(Beginning of DATA FOR THE TASK)

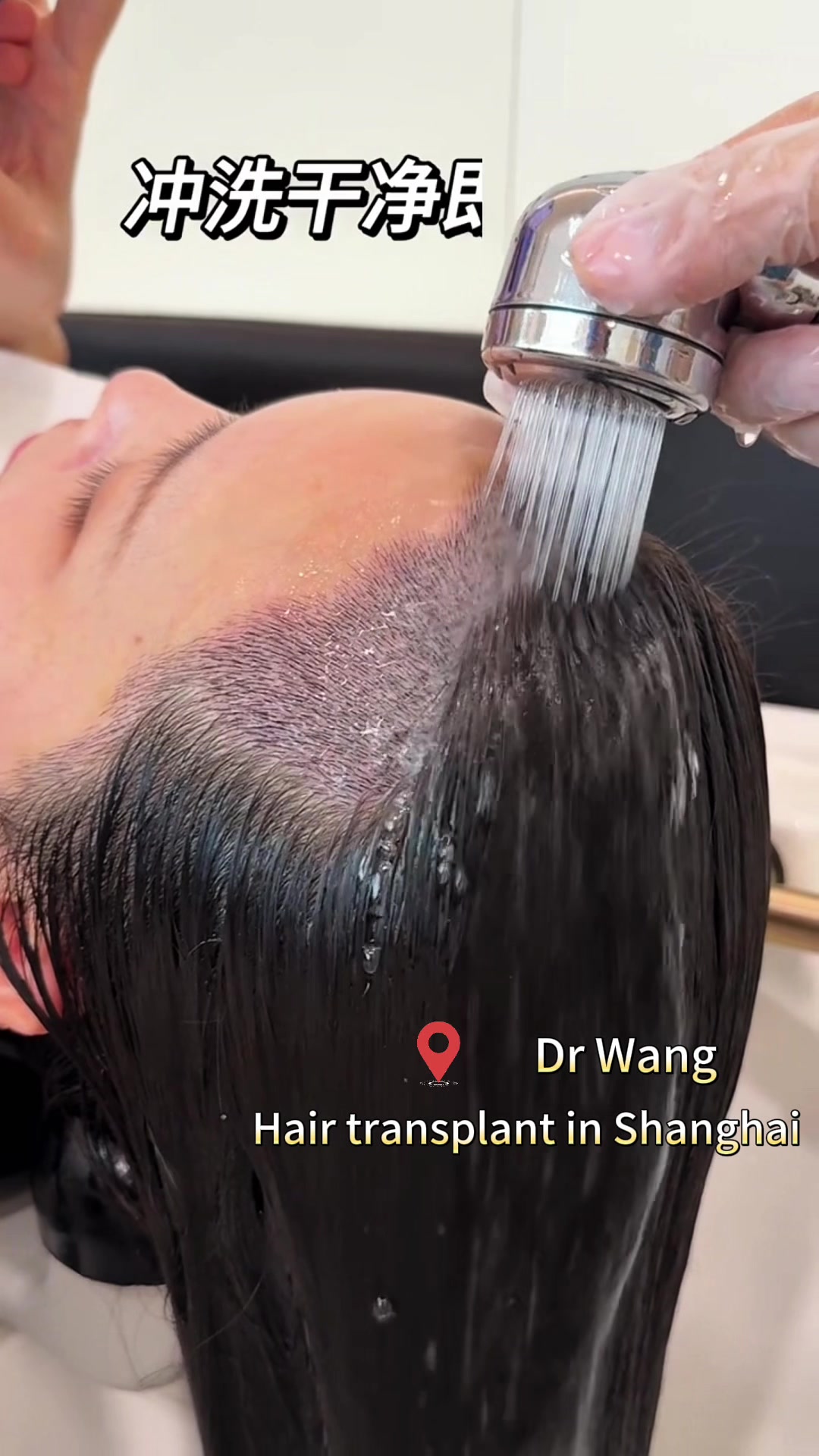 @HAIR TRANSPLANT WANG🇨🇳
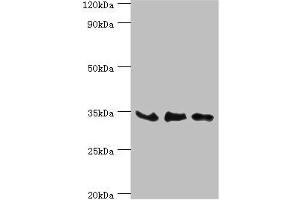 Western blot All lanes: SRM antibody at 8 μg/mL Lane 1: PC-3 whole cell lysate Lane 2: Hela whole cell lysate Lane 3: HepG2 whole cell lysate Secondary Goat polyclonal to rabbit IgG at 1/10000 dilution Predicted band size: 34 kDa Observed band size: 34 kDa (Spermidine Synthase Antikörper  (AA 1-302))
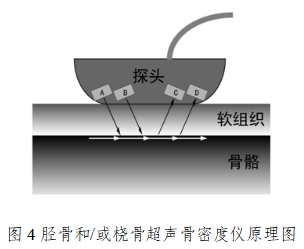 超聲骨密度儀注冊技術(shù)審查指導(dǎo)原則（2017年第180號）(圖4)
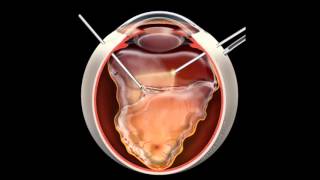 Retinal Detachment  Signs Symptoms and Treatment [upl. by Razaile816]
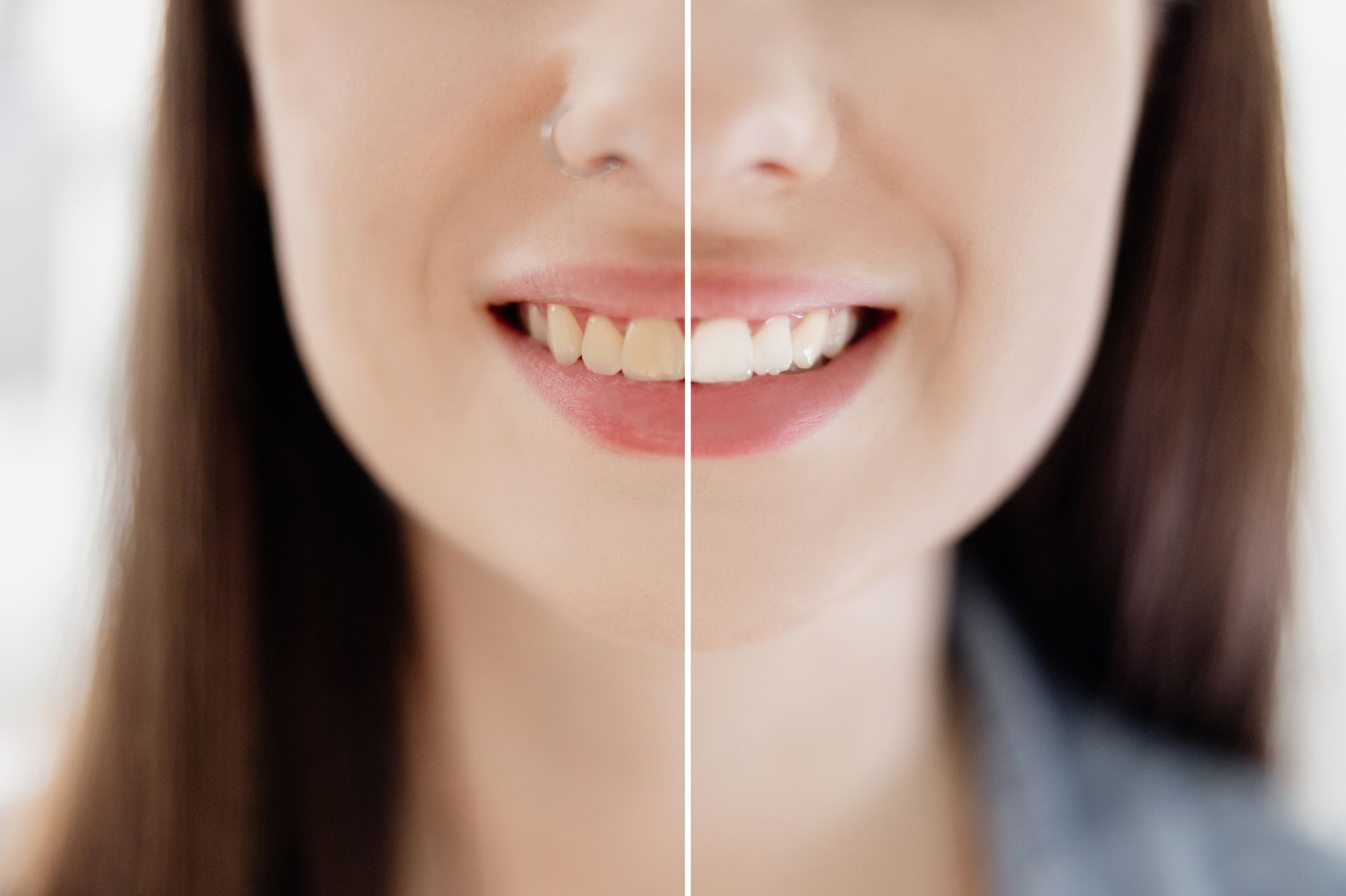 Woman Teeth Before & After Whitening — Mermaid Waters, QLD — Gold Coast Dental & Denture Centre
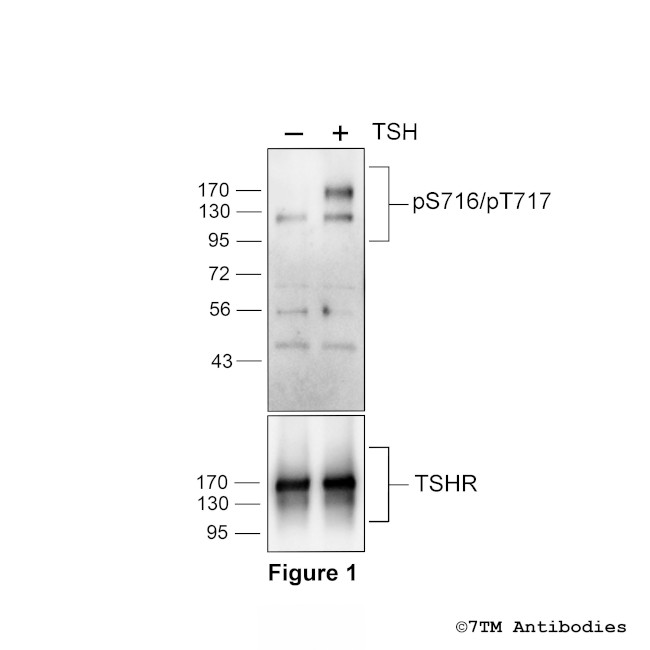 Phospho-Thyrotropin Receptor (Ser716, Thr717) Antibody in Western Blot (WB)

(End of DATA FOR THE TASK)
(Beginning of DATA FOR THE TASK)

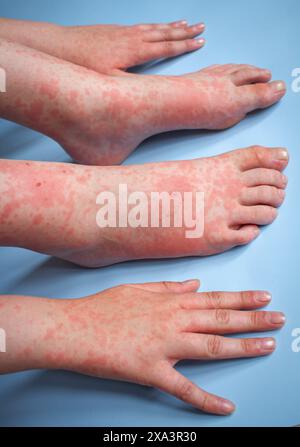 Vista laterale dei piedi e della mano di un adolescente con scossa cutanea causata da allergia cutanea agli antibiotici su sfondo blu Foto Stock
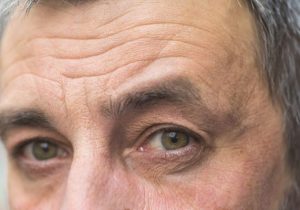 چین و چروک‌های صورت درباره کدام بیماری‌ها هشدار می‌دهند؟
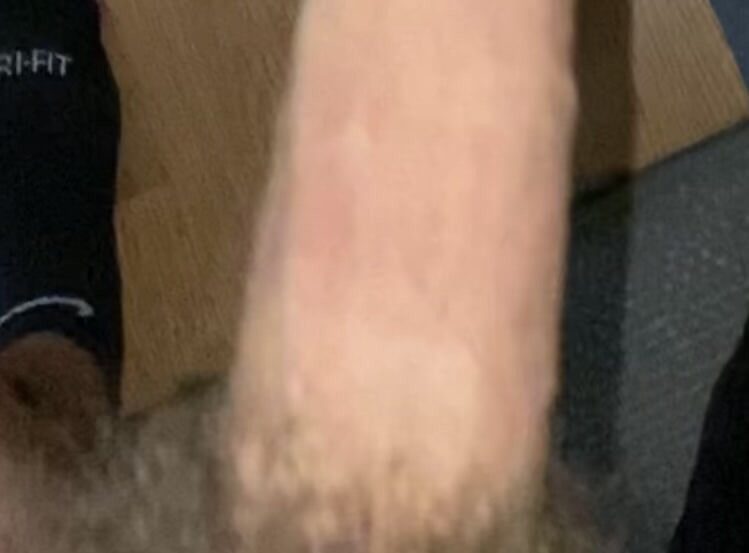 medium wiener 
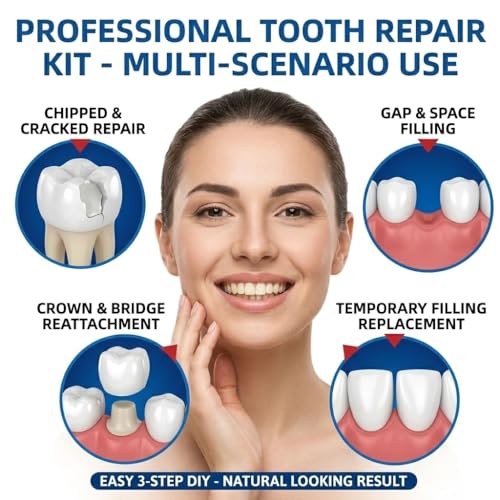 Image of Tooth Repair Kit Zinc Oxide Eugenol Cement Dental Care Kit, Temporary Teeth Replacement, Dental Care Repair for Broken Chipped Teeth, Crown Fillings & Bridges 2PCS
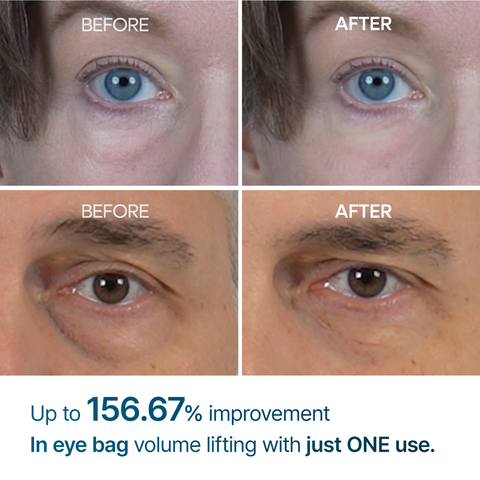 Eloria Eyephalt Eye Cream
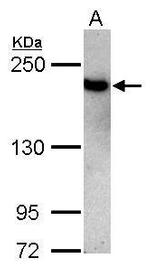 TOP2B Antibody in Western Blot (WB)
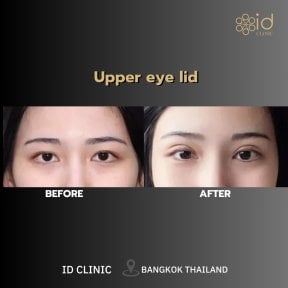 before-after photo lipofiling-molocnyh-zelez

(End of DATA FOR THE TASK)

» **WORK INSTRUCTION**: Look above for the line with "Image of Tooth" and the line with "before-after photo lipofiling-molocnyh-zelez", then copy them and all lines in between exactly as written, and only those, without any pictures.

» **OUTPUT FOR THIS TASK**:
 Image of Tooth Repair Kit Zinc Oxide Eugenol Cement Dental Care Kit, Temporary Teeth Replacement, Dental Care Repair for Broken Chipped Teeth, Crown Fillings & Bridges 2PCS
 Eloria Eyephalt Eye Cream
 TOP2B Antibody in Western Blot (WB)
 before-after photo lipofiling-molocnyh-zelez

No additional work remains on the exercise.